Wind the clock back a couple of decades and insurance proposal forms comprised half a dozen questions, and the vast majority of customers bought insurance face to face and were offered a price or a rejection very quickly.

Enter stage left aggregators introducing the convenience of on-line shopping for insurance. In the early days the mantra was always ‘get the customer to price as quickly as possible’ – so still the question sets were short and the process simple.

Fast forward to today – and the on-line application process is becoming ever more complicated. The biggest challenge for insurers is the ‘drop off’ from the number of customers starting the quote process to the significantly lower number of customers completing the purchase. It is no surprise that the more complex the question set, the more customers that are lost along the way.

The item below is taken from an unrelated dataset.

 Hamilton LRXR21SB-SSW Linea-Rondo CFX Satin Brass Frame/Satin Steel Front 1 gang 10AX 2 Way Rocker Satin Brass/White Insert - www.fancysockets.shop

Undoubtedly risk assessment is a key driver behind the increasing complexity of the questions. Business leaders are increasingly aware of their accountability for ensuring that every conceivable risk that could directly affect their organisation is identified, assessed and controlled.

This growing focus on risk control has led to an obsession with data. Insurance Companies are drowning in data, believing more is better. However there is a real danger that this focus could be limiting not boosting growth.

There is much talk in the Insurance Industry about simplification – instead we have moved to more complicated application forms with customers asked to provide a mountain of information. Actuaries are demanding more data before they are comfortable agreeing the rating – and financiers want to break down the risk scenarios into greater and greater detail believing that is essential to make profit.

The danger of an extreme dependency on data is that it could end up suppressing the willingness to experiment, stifling any sort of truly creative, outside-the-box thinking. It breeds a culture of fear of trying something new – since it’s not yet tried and tested and proved by metrics. Unfortunately, these fears block innovation. The real question should be what percentage of all the additional information makes a real difference to the risk?

Risk assessment is of course essential – but there needs to be a balance. Using the 80/20 rule, it is probable that 80% of risk can be assessed with 20% of the requested information. Using agile technology, it should be easy to test, learn and adapt simplified products to engage consumers and introduce innovation back into the market.

So, you can let fear dictate the way you do things which means that you will gather mountains of data, spend a lot of time and money formatting it, getting it into your system and have to repeat the whole process with ever increasing frequency to maintain the growing volume of data for what is a miniscule change in pricing. Or you can try a new approach – being different can give you an edge.